■ The data:
☆ ☆ ☆ ☆ ☆

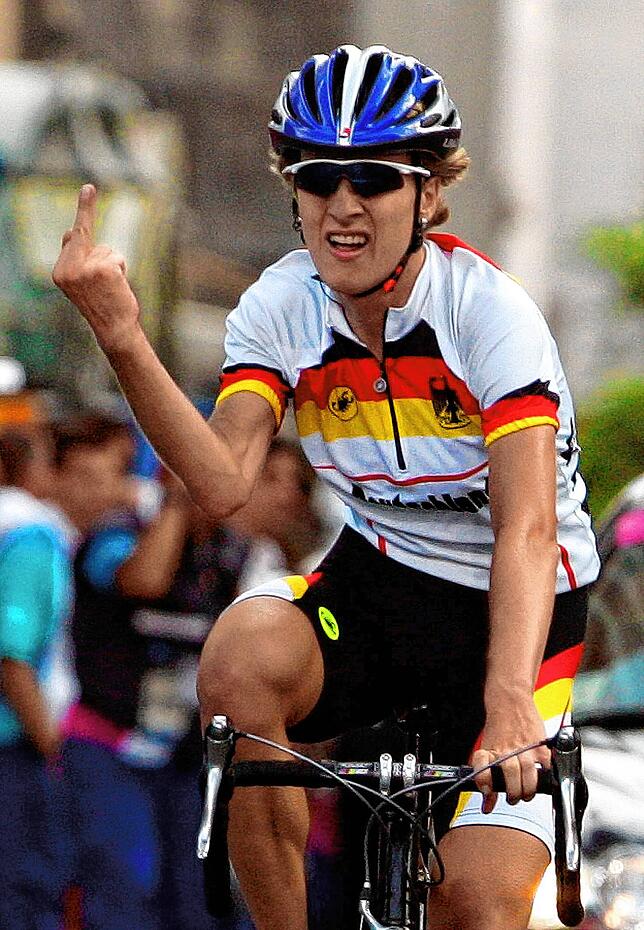 Die deutsche Radrennfahrerin Judith Arndt zeigt 2004 in Athen bei der Zieleinfahrt des olympischen Straßenradrennens ihrem Verband den ...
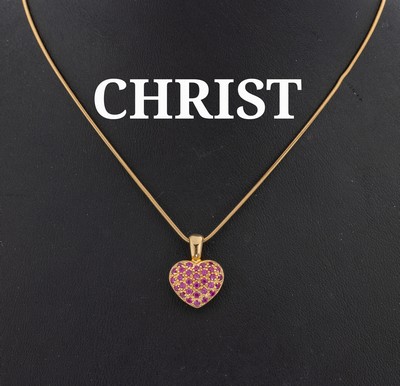 14 kt Gold CHRIST Rubin-Herzanhänger, GG 585/000, 31 rundfacett. Rubinen zus. ca. 0.60 ct, beh., an Schlangenkette, L. ca. 44 cm, ca.6.7 g, im Etui
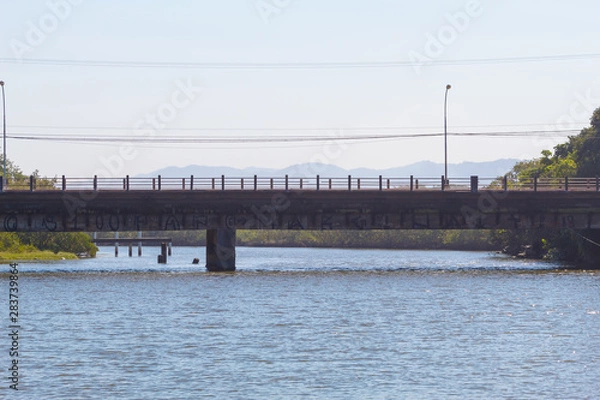 Obraz Bridge over Peruibe River in Peruibe, Brazil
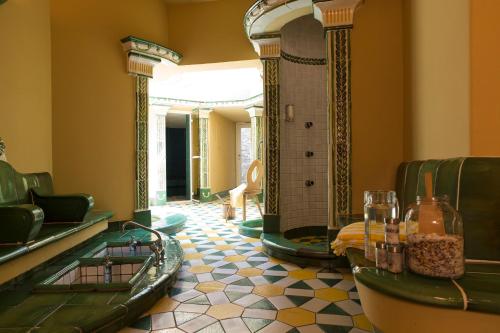 a lobby with green and yellow tiles and a room with a tub at Bei Max - Hotel Garni Kirchenwirt in Sankt Leonhard im Pitztal
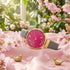 Sara Miller Chelsea Birds 34mm pink dial gold watch on pink fabric in an indoor arboretum.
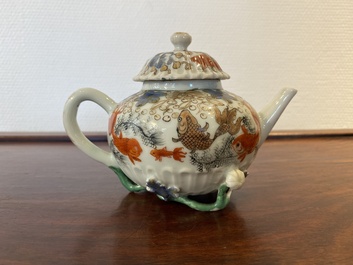 A Chinese iron-red and gilt-decorated 'carps' teapot and cover, Yongzheng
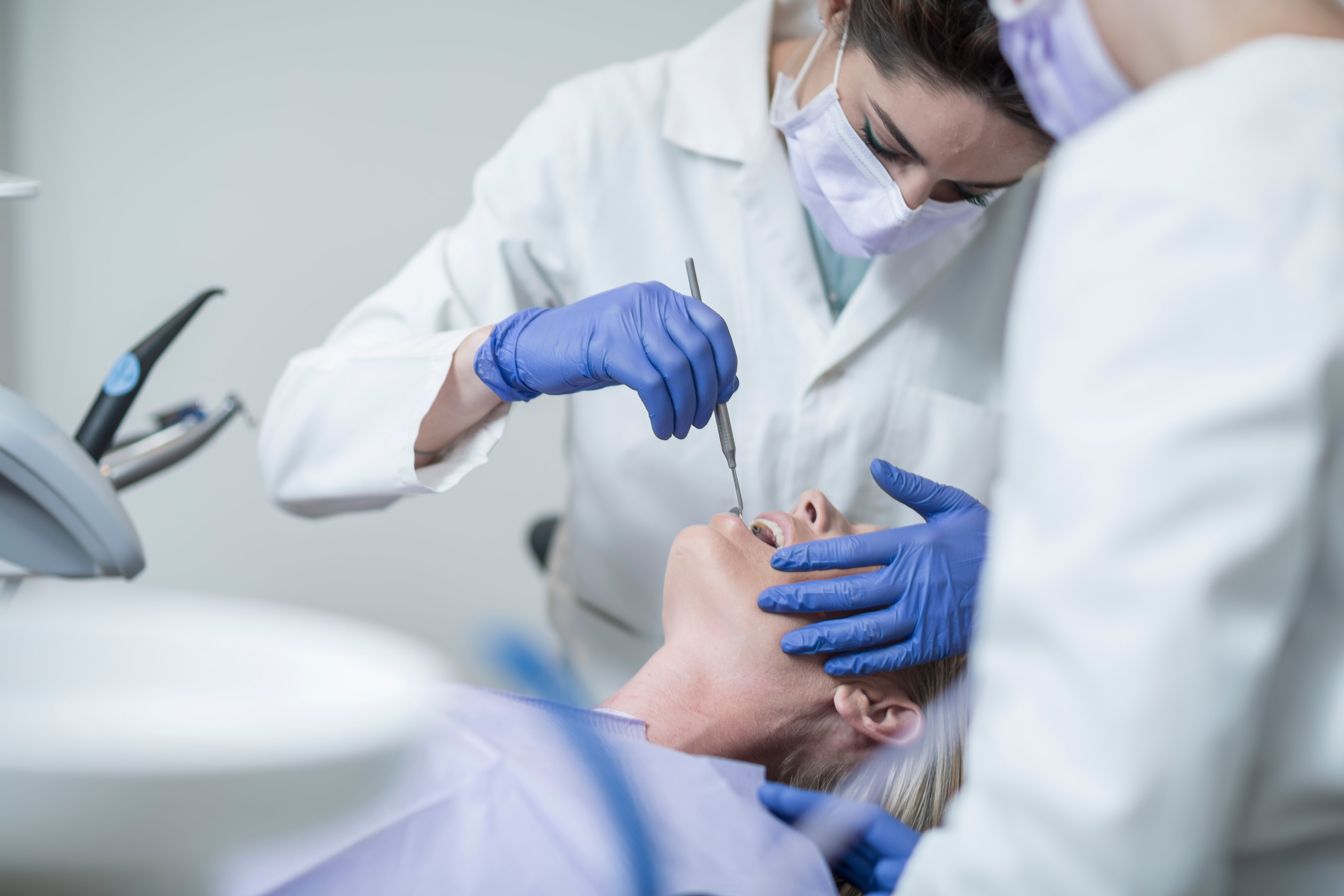 A photo of a woman check her gums that needs to be treated.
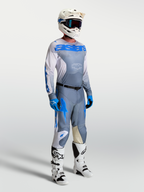 Alpinestars Maglia Racer Amber, maglia da motocross grigia e blu per uomo, indossata da un modello con casco e stivali bianchi.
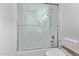 Modern bathroom featuring a glass-enclosed shower over the tub at 15691 N 104Th Pl, Scottsdale, AZ 85255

☆ ☆ ☆ ☆ ☆

■ Requirement:
In the listing above, find the line with "A Chinese iron-red" and the line with "Alpinestars Maglia Racer". Copy exactly those lines and all between them, minus the images.

■ Answer below:
 A Chinese iron-red and gilt-decorated 'carps' teapot and cover, Yongzheng
 A photo of a woman check her gums that needs to be treated.
 Alpinestars Maglia Racer Amber, maglia da motocross grigia e blu per uomo, indossata da un modello con casco e stivali bianchi.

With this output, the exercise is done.